Summary
DLL side-loading is a popular technique used by threat actors to execute malicious payloads under the umbrella of a benign, usually legitimate, executable. This allows the threat actor to exploit whitelists in security products that exclude trusted executables from detection. Among others, this technique has been leveraged by APT41 to deploy DUSTTRAP and Daggerfly to deliver Nightdoor backdoor.
During threat hunting activities, the Netskope team discovered a legitimate iTop Data Recovery application side-loading a backdoor we named Yokai that, to the best of our knowledge, has not been publicly documented yet. In this blog we will analyze the infection chain and dive deep into the internals of the Yokai backdoor.
Decoy documents
During our threat hunting activities, we discovered a RAR file that contained two LNK shortcut files named in Thai, named กระทรวงยุติธรรมสหรัฐอเมริกา.pdf and ด่วนที่สุด ทางการสหรัฐอเมริกาขอความร่วมมือระหว่างประเทศในเรื่องทางอาญา.docx.

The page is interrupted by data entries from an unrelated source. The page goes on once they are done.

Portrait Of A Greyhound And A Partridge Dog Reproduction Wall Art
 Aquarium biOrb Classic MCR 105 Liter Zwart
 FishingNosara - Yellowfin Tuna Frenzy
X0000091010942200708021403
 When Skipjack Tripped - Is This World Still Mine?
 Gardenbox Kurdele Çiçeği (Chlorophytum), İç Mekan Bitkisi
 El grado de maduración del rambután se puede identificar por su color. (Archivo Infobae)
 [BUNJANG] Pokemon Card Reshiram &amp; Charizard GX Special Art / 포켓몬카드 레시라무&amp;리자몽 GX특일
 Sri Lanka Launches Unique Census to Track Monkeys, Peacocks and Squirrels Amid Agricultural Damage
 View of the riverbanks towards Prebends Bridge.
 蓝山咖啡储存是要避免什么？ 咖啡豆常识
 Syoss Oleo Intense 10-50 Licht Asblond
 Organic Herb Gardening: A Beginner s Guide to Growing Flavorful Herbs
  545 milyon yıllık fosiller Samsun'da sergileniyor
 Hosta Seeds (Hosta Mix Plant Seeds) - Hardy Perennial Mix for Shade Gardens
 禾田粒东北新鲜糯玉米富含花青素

Translated, both documents are called “United States Department of Justice.pdf” and “Urgently, United States authorities ask for international cooperation in criminal matters.docx” respectively.
Clicking the shortcut files triggers the copying of content from an alternate data stream (ADS) named “file.exf” into decoy PDF and Word documents using esentutl.Esentutl is a Windows binary commonly abused to transfer malicious payload from alternate data streams.